Record excerpts
[Start of section]

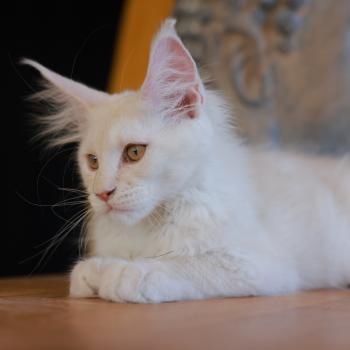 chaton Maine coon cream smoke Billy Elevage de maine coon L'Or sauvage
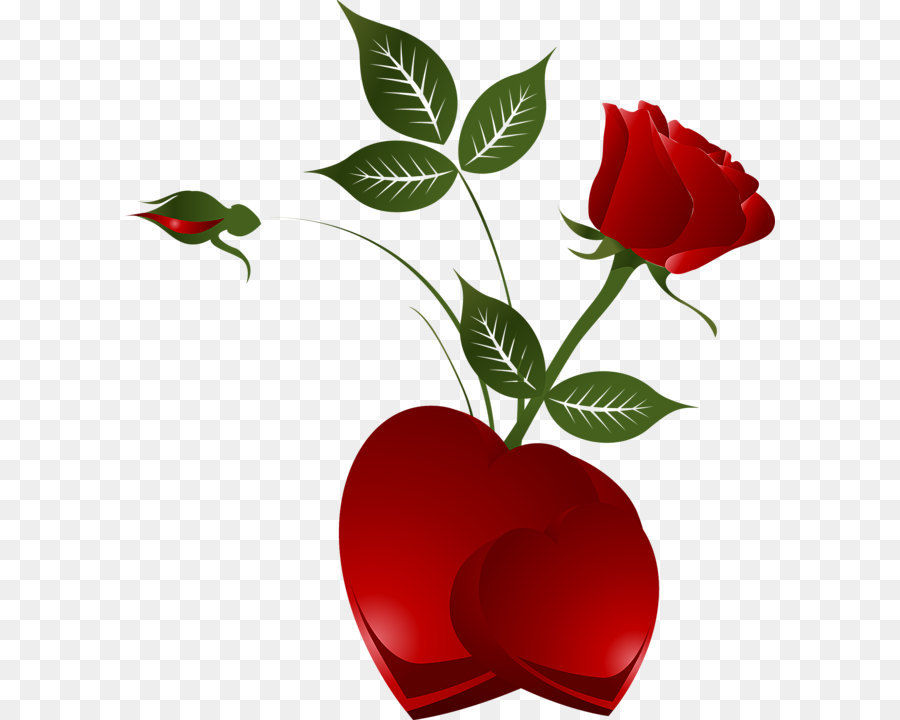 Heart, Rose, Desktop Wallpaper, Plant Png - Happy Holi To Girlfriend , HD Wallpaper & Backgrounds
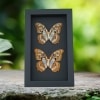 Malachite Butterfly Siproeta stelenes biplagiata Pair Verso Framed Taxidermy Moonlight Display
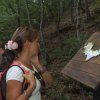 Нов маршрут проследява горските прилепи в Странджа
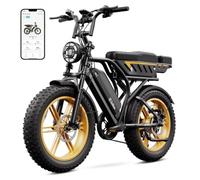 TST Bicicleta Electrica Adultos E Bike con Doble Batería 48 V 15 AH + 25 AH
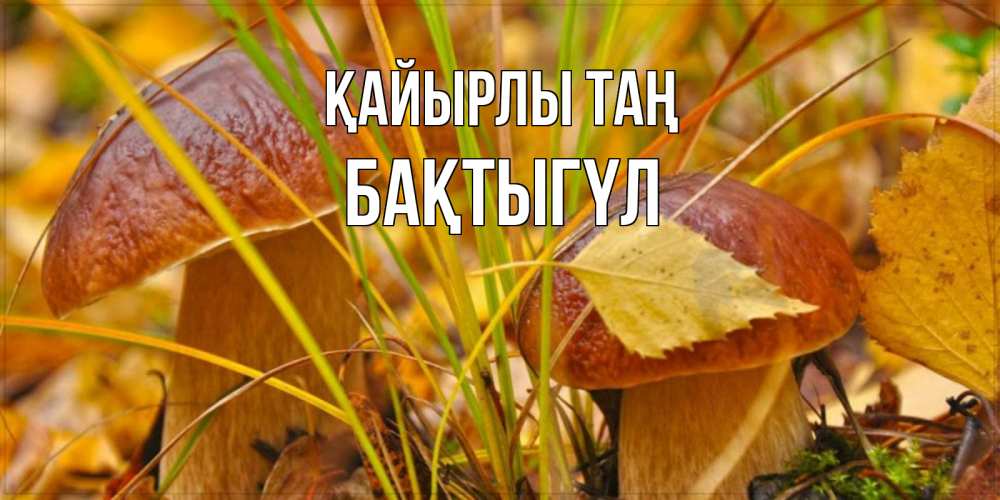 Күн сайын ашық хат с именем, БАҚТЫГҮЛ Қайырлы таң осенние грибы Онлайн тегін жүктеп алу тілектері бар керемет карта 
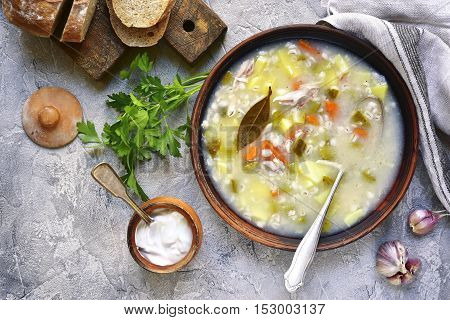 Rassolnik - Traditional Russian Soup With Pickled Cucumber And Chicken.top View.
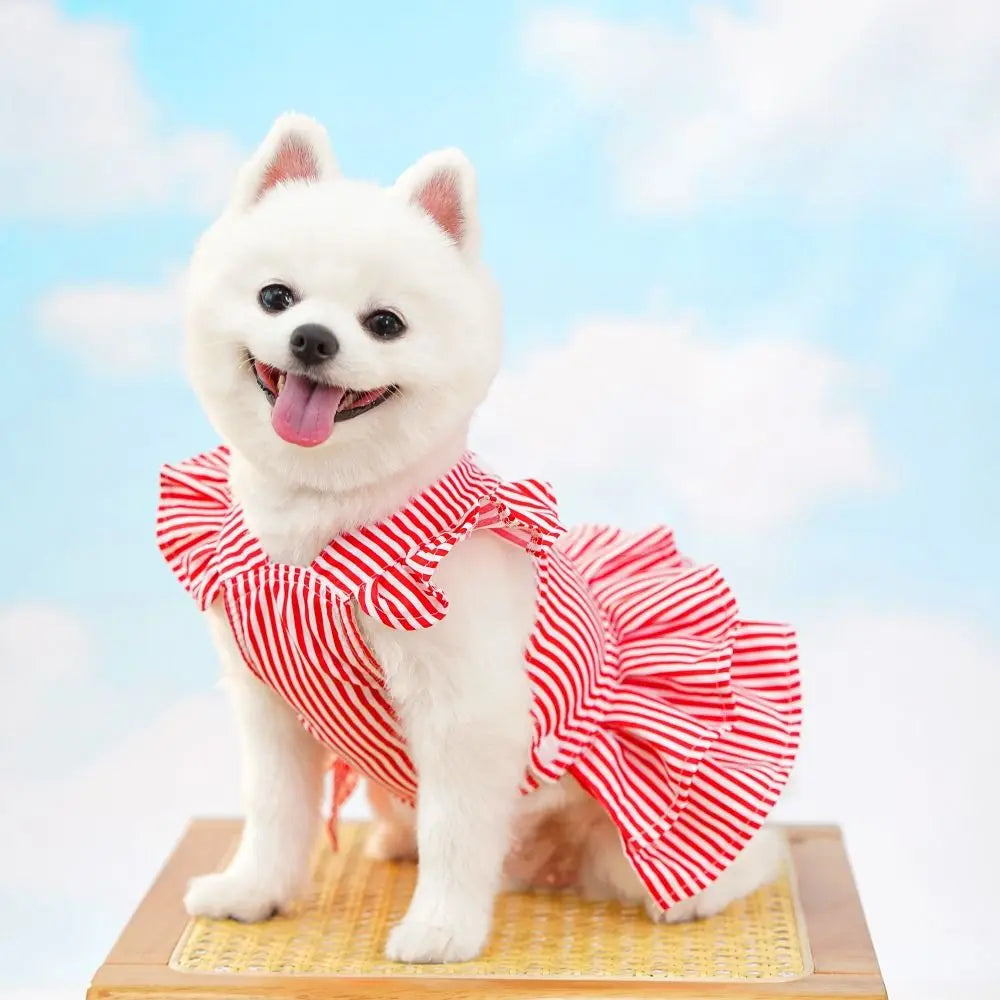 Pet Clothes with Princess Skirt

[End of section]
[Start of section]

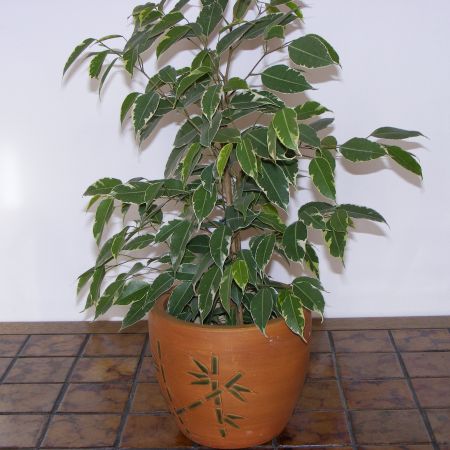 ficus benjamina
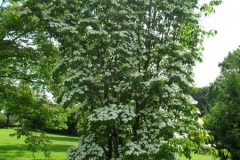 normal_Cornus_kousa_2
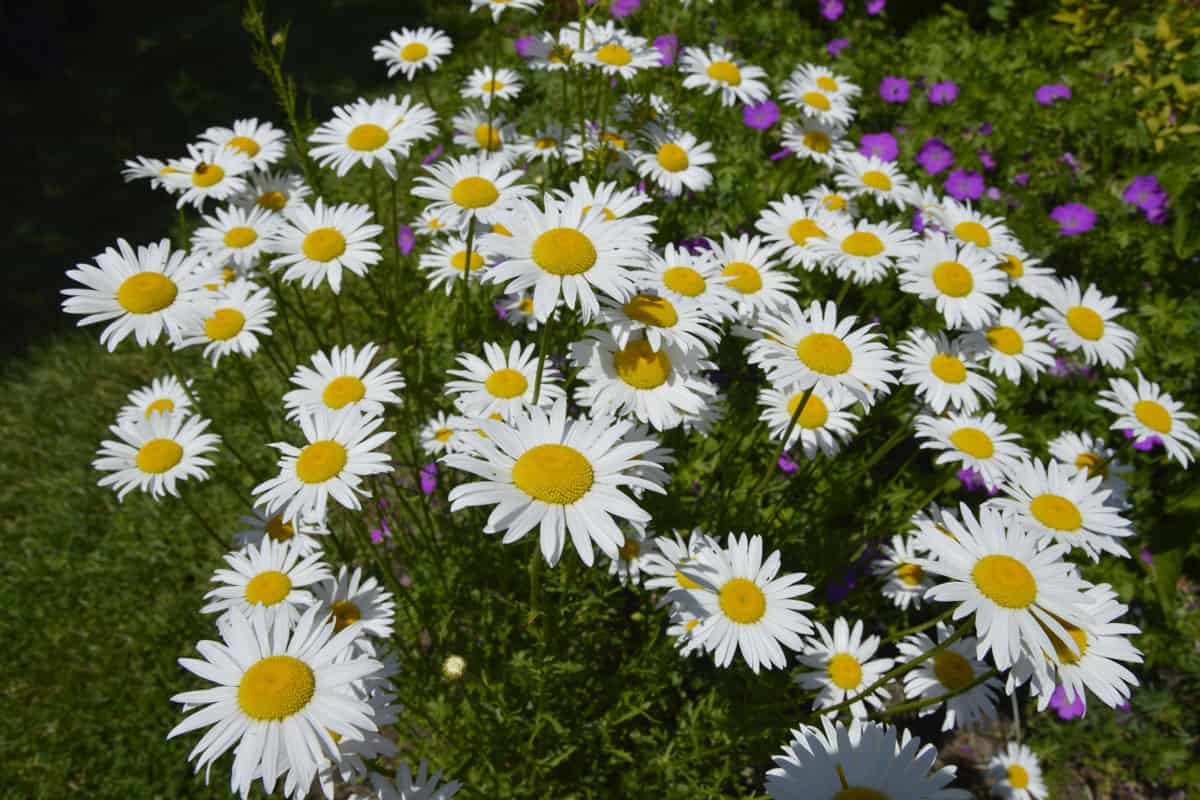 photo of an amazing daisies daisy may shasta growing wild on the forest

[End of section]

Within the listing above, write out the stretch from the line with "Malachite Butterfly Siproeta" through the line with "Pet Clothes with Princess Skirt" exactly. Any pictures are to be left out.

Problem solution
 Malachite Butterfly Siproeta stelenes biplagiata Pair Verso Framed Taxidermy Moonlight Display
 Нов маршрут проследява горските прилепи в Странджа
 TST Bicicleta Electrica Adultos E Bike con Doble Batería 48 V 15 AH + 25 AH
 Күн сайын ашық хат с именем, БАҚТЫГҮЛ Қайырлы таң осенние грибы Онлайн тегін жүктеп алу тілектері бар керемет карта 
 Rassolnik - Traditional Russian Soup With Pickled Cucumber And Chicken.top View.
 Pet Clothes with Princess Skirt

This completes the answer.